Table 3 presents the results for nonparametric value at risk-based Sharpe ratios. Similar to the findings in Table 2, we observe that all 13 markets in the top quartile based on VaRSharpe ratio rankings are emerging markets. The emerging markets that have the
highest VaRSharpe ratios are Chile, Mexico, Bulgaria, Venezuela and Turkey and the ratios vary between 0.0300 and 0.0374. Economically, the Chilean equity index generates 3.7 basis points of extra excess returns for each 1% increase in the minimum return observed during the last 100 trading days. In the bottom quartile, 10 out of 13 markets are
developed, thus developed markets continue to lag behind emerging markets after adjusting for downside risk. Similarly, 17 out of 26 markets in the lower half of VaRSharpe ratio rankings are developed. The worst performing developed markets based
on this metric are Germany, Greece, Japan, South Korea and Austria. VaRSharpe ratios for these markets range from 0.0100 to 0.0129.
The result that emerging markets have higher downside risk-adjusted excess returns is further corroborated in Table 4 based on PVaRSharpe ratios. 11 out of 13 markets in the top quartile are emerging whereas 9 out of 13 markets in the bottom quartile are developed. The best performing emerging markets based on PVaRSharpe ratio are familiar as they also rank at the top quartile in Table 3. Similarly, the worst performing emerging markets (Taiwan, Poland and Pakistan) and developed markets (Germany, Greece and South Korea) also rank at the bottom based on nonparametric value at risk.
The evidence from the downside risk-adjusted expected returns collectively suggests that emerging markets generate higher value at risk-adjusted excess returns compared to developed markets even after placing special emphasis on left-tail risk.

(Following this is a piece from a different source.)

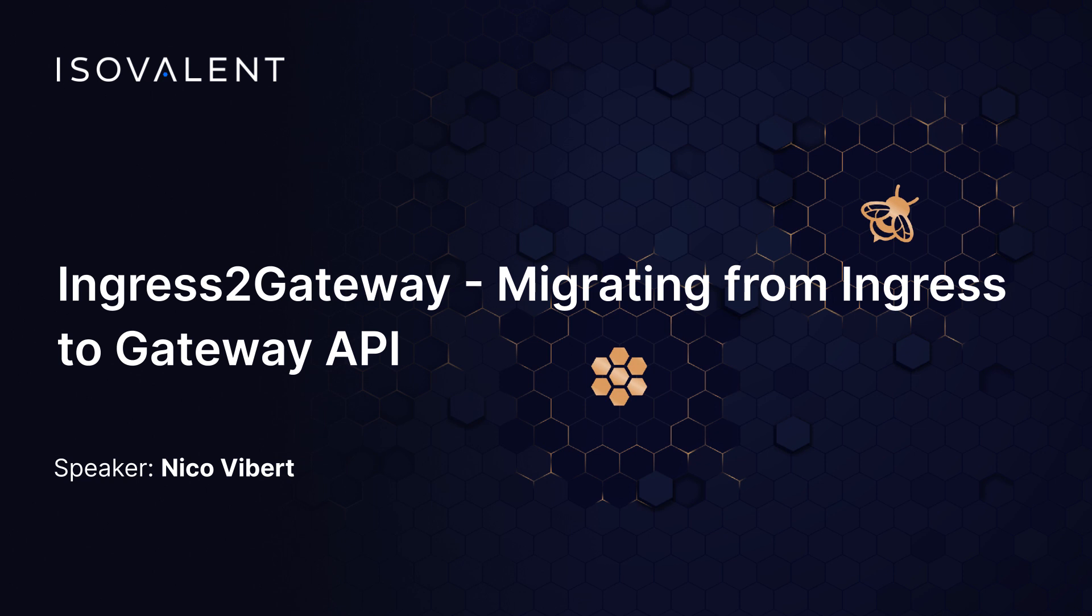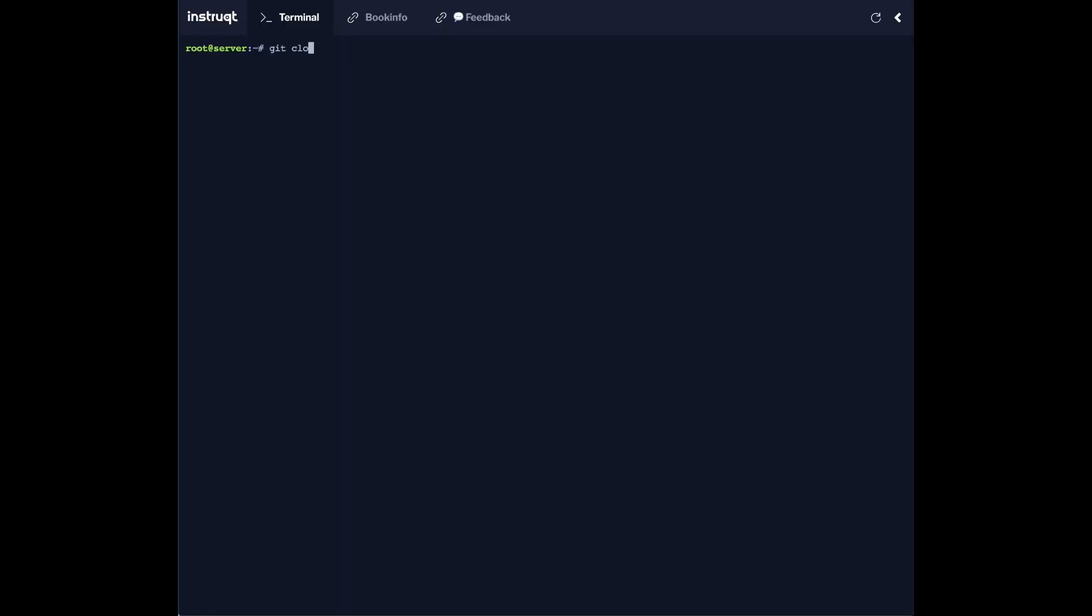Hi, in this quick demo we're going to review a new experimental tool called ingress to gateway that lets you migrate from the ingress API to the gateway API. The first thing to do is to clone the repo.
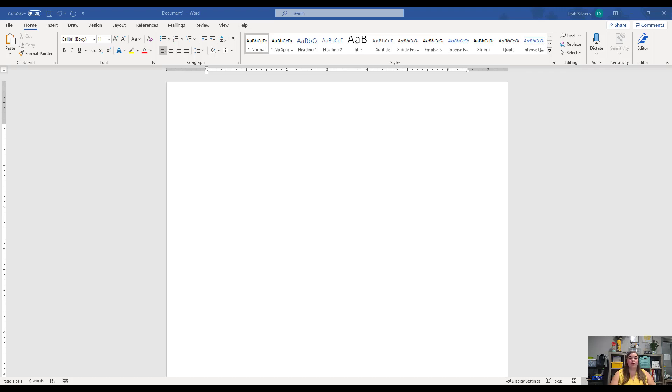So let's go ahead and talk about font formatting. In Microsoft Office Online 365, the Word version, you've got some font formatting features, but in the actual full version, you've got a lot more.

4.3 Emerging versus Developed Markets and the Financial Crisis
The analysis up to this point is a country-by-country analysis. In Table 5, we take a broader approach and calculate the means for all reward-to-risk ratios for the two country groupings. Specifically, for both emerging and developed markets, we calculate a
cross-sectional average across countries in each month and then take a time-series average across months.
Panel A presents the results for the full sample period. As expected, emerging markets outperform developed markets based on all three reward-to-risk metrics. Sharpe ratio comparisons reveal that emerging markets generate about one and a half times as much excess returns per unit standard deviation compared to developed markets (0.0581 versus 0.0379). After adjusting for downside risk, emerging markets continue to be the superior performers. VaRSharpe ratios are 0.0256 and 0.0183 for emerging and developed markets, respectively. The gap is even wider for PVaRSharpe ratios of 0.0452 and 0.0223 for emerging and developed markets, respectively. Based on this downside risk metric, emerging markets generate more than twice as much excess returns per unit downside risk compared to developed markets.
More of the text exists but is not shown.